Ermal Hajdari

Personal information
- Date of birth: 4 December 1992 (age 33)
- Place of birth: Sweden
- Height: 1.78 m (5 ft 10 in)
- Positions: Winger; striker;

Team information
- Current team: Levanger FK
- Number: 7

Youth career
- 2014: Nike Academy

Senior career*
- Years: Team / Apps / (Gls)
- 2011–2013: Kristianstads FF / 13 / (2)
- 2015: FCI Tallinn / 26 / (6)
- 2016: Nosaby IF / 12 / (3)
- 2016–2017: Tasman United / 18 / (4)
- 2017: Whitehawk FC / 7 / (0)
- 2018–2019: Levanger FK / 50 / (8)
- 2020: Egersunds IK / 18 / (8)
- 2021: Arendal Fotball / 24 / (5)
- 2022–: Levanger FK / 87 / (11)

= Ermal Hajdari =

Swedish footballer (born 1992)

Ermal Hajdari (born 4 December 1992) is a Swedish footballer who plays as a winger or striker for Levanger FK.

==Early life==

Hajdari was born in 1992 in Sweden. He participated in Swedish television program Proffsdrömmen. He is of Kosovan descent.

==Career==

In 2015, Hajdari signed for Estonian side FCI Tallinn.
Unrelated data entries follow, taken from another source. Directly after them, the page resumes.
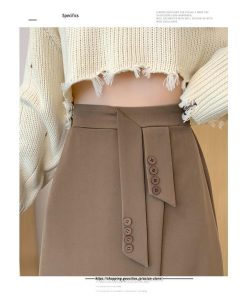 スカート | ロングロング丈 ミモレ丈 ミモレスリット 秋 冬 秋冬 高見え カジュアル Aライン 小柄 キレイめ 通学 着痩せ 通勤 2022新作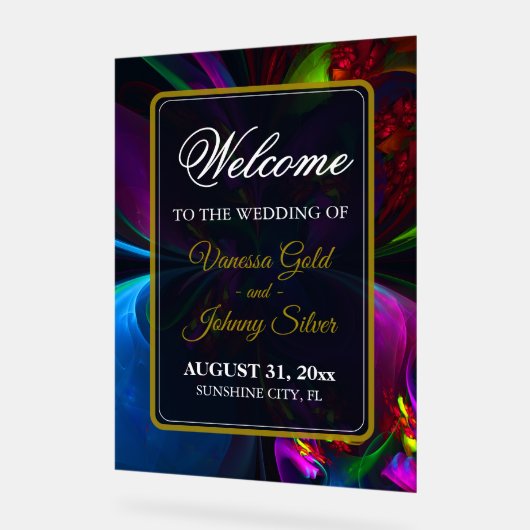 Elegant Classic Modern Floral Pattern #902 Wedding (Angle)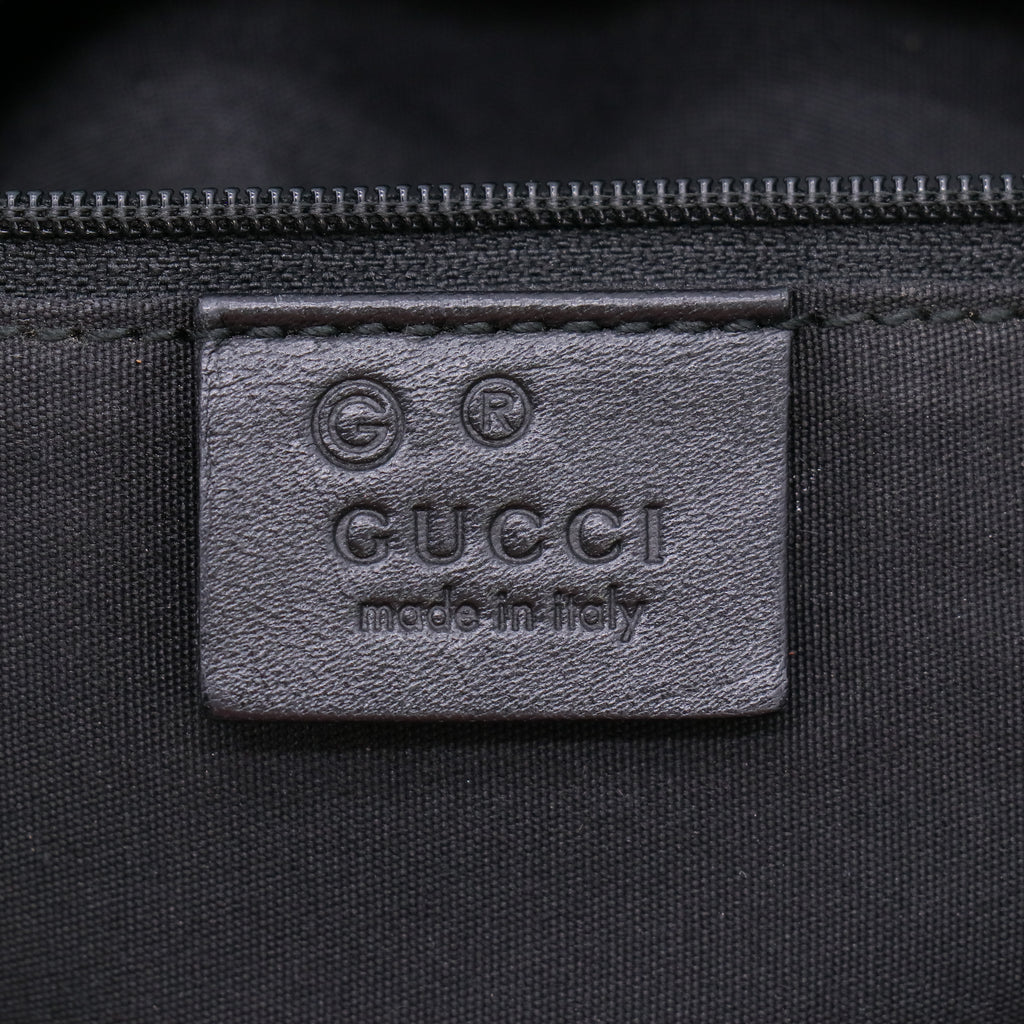 Gucci Green/Black GG Canvas Medium Hobo Bag twins B22939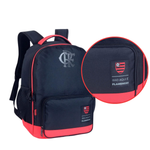 Kit Mochila + Estojo Esportiva Do Flamengo Juvenil Escolar Material Escolar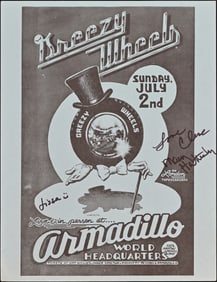 AWHQ Greezy Wheels Signed Handbill, by M. Priest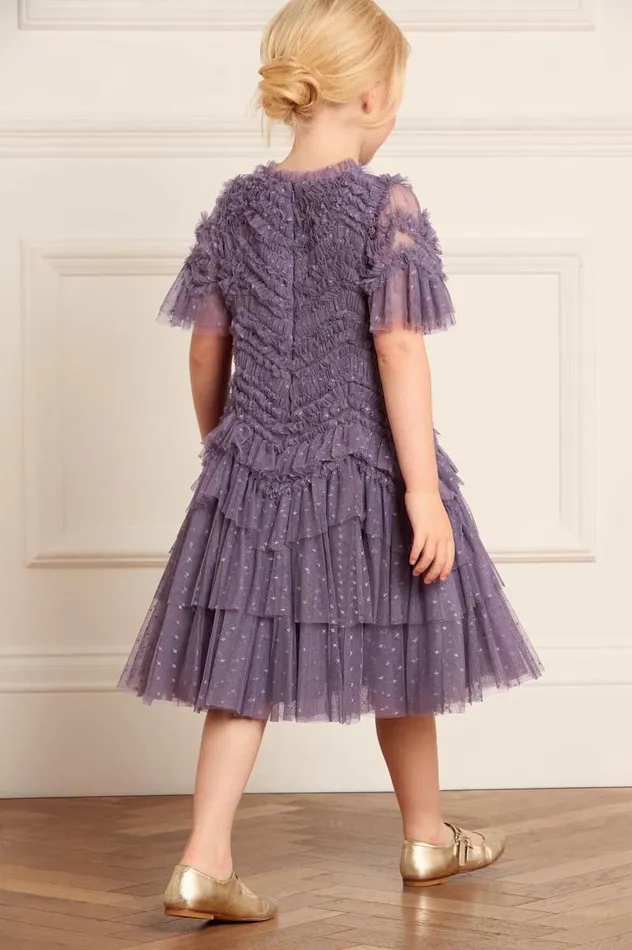 Needle and Thread Kids Formalwear Elia Kids Dress Purple 8211 Kids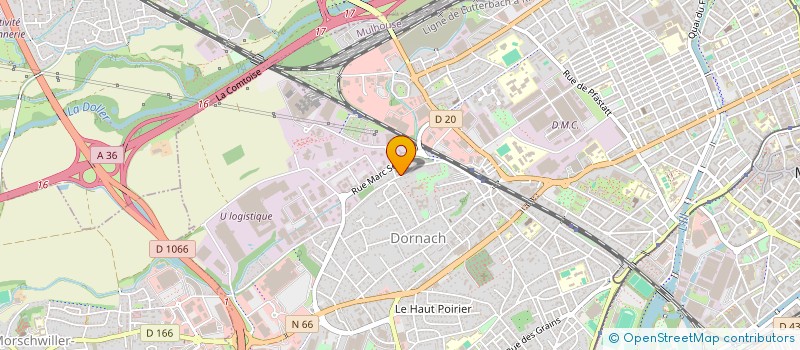 localisation de l'entreprise MONSIEUR LANOU IHOU  MULHOUSE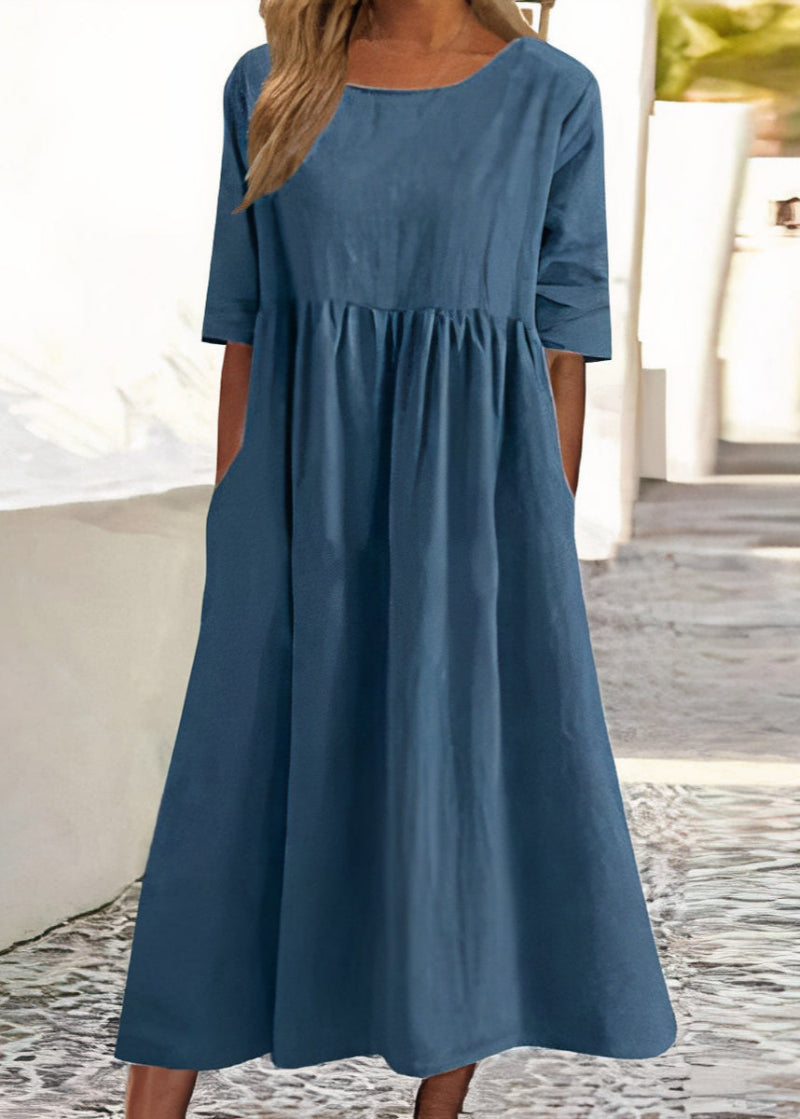 Chique zomerjurk voor dames met een elegante snit en luchtige stof, ideaal voor zonnige dagen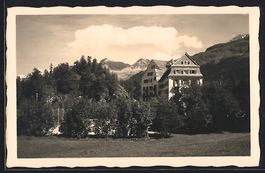 Sils-Maria, Hotel Alpenrose mit Bergpano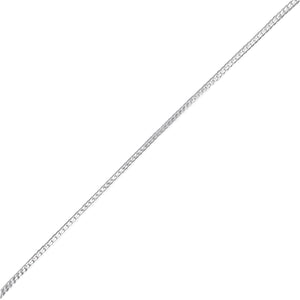 
                  
                    Sterling Silver Herringbone Chain Bracelet - Thin & Flat Design
                  
                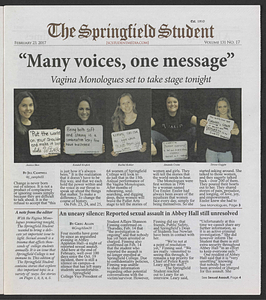 The Springfield Student (vol. 131, no. 26) Feb. 23, 2017
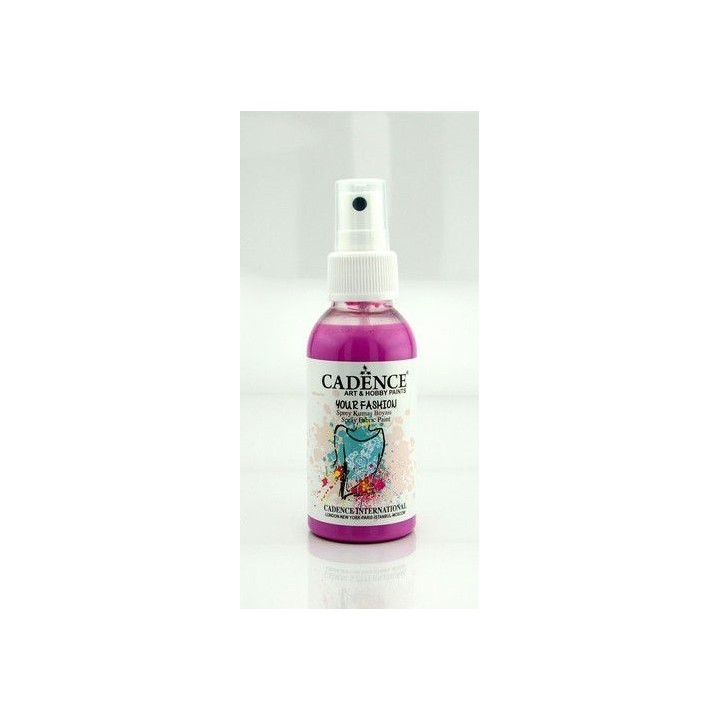 Cadence Fashion Spray Fabric Paint 100 ml Pink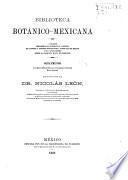 Biblioteca botánico-mexicana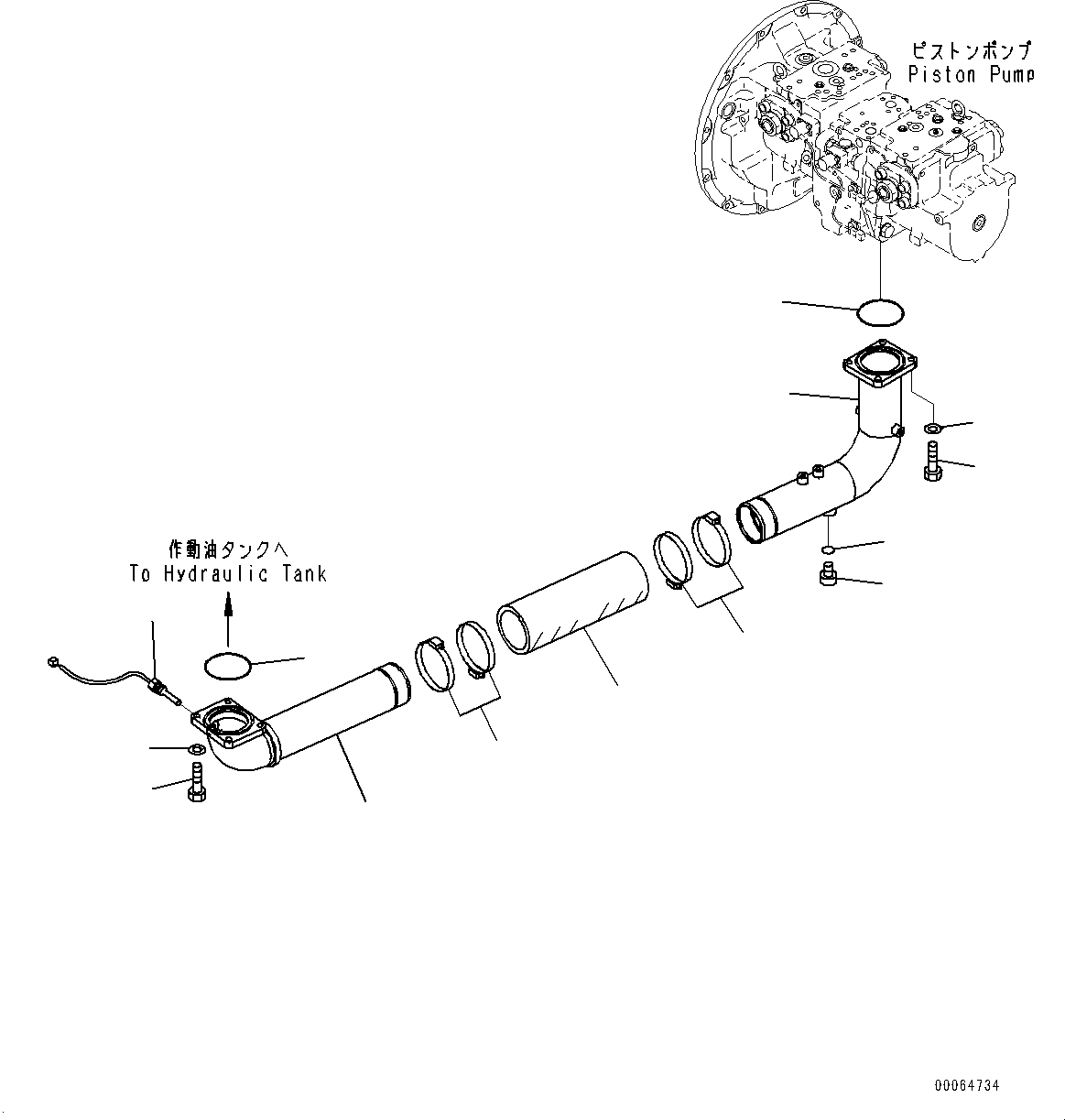Excavators Komatsu / PC400LC-8 S/N 70001-UP(0000159c) / Return Piping (#70001-)(H021001 : H0330-002001)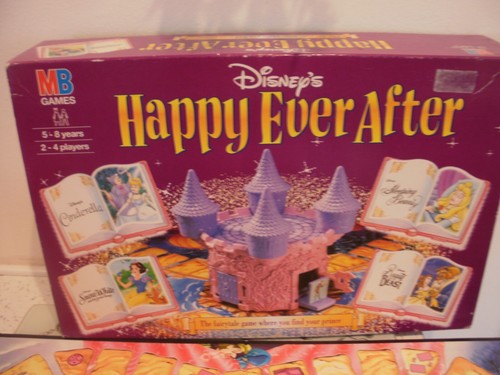 Vintage Rare Complete Disney Princess Happy Ever After Board Game 1996 MB Games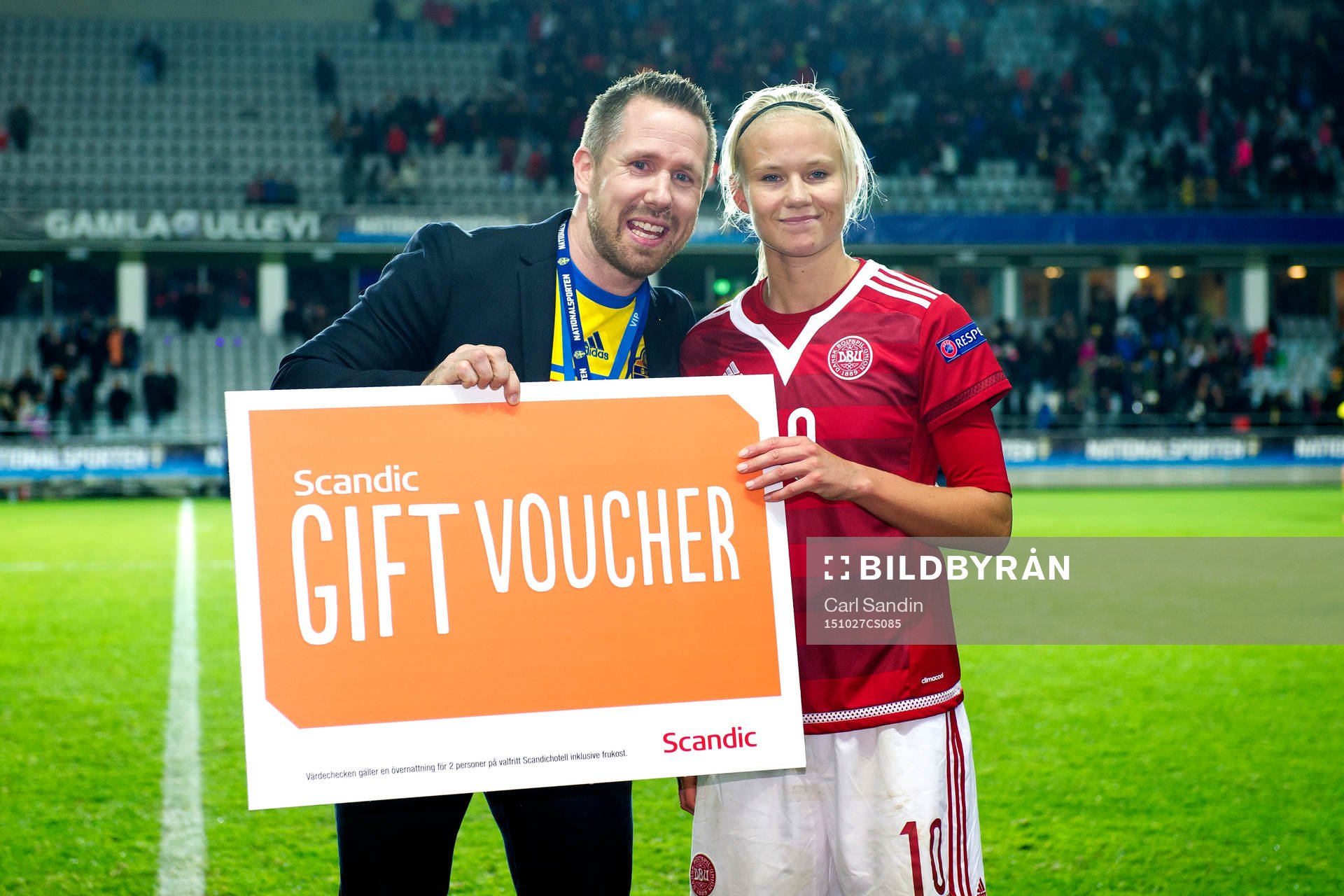 Danmarks Pernille Harder blir matchens lirare och får pris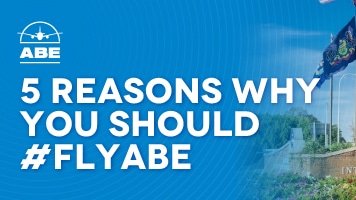 FlyABE_'s tweet photo. Why should you choose to #FlyABE? The list is certainly long, so we narrowed it down to (5) reasons in this month's #blog. Read TODAY! https://t.co/8JguW8oHN5 #Travel #Airport @LehighValleyPA @airportxnews @TravelLeisure https://t.co/5nyMnqxuUf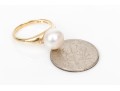 Tiffany & Co. 14k Yellow Simple Cultured Freshwater Pearl Solitaire Ring, Size 3, See Note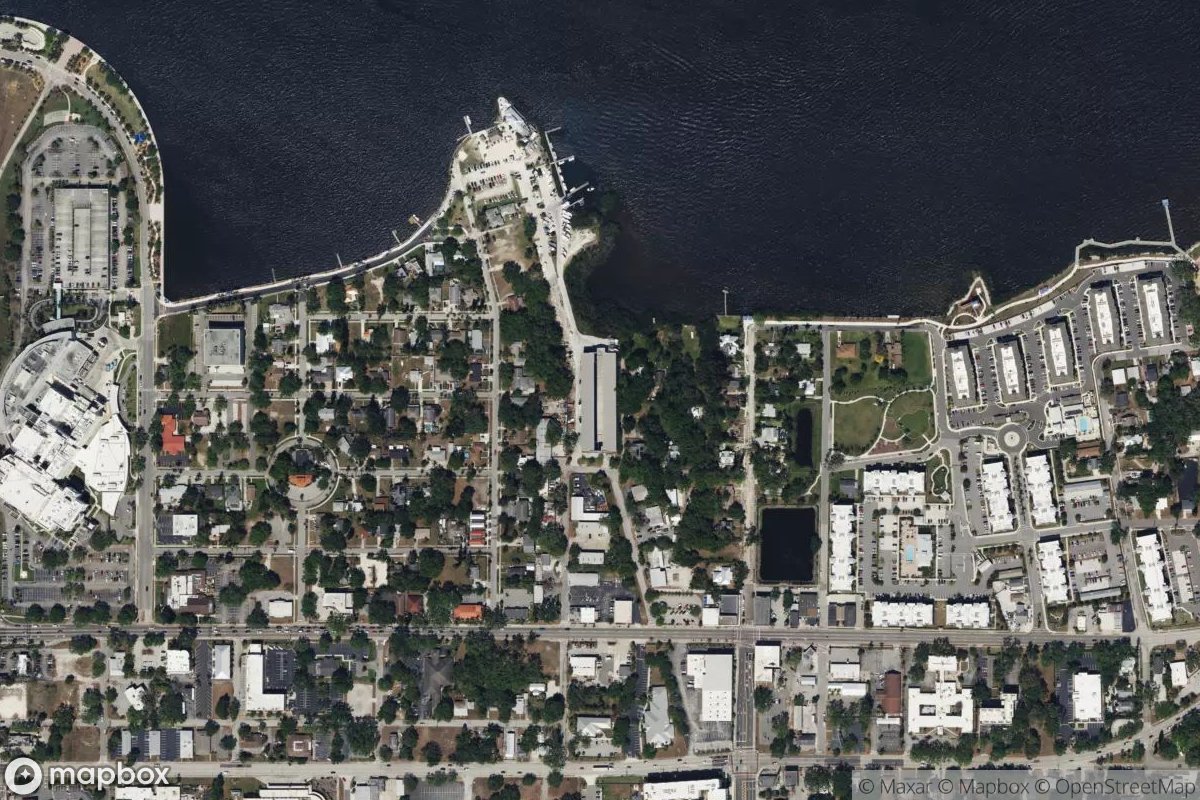 Satellite view of Tarpon Pointe Marina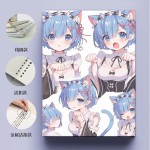 蕾姆系列软面a5b5a4记事本硬壳线圈笔记本作业本横线英语本二次元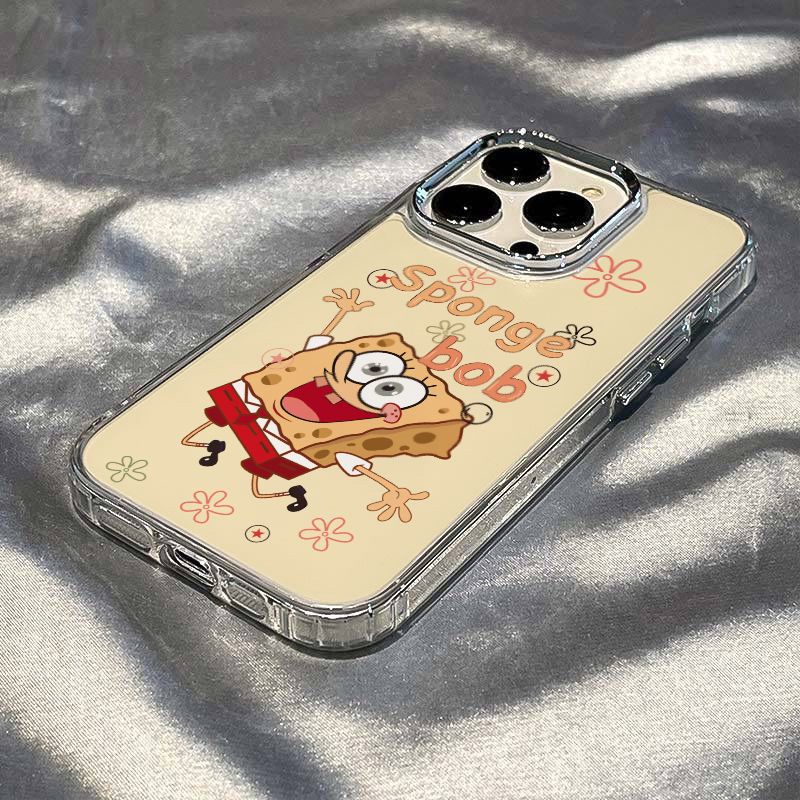 ✅Ốp Điện Thoại Dẻo Họa Tiết Hoạt Hình SpongeBob Chống Sốc Cho iPhone12 11ins Style 8 7HCB 13 14pro7 plus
He helped the club achieve qualify for the UEFA Europa League. In 2016, he signed for New Zealand side Tasman United. He was described as "after... three rounds... already clear... [he] will be... [the club's] biggest threat on attack".

==Style of play==

Hajdari mainly operates as a winger or striker. He is known for his passing ability.

==Personal life==

Hajdari grew up in Kristianstad, Sweden. He has regarded Sweden international Zlatan Ibrahimovic as his football idol.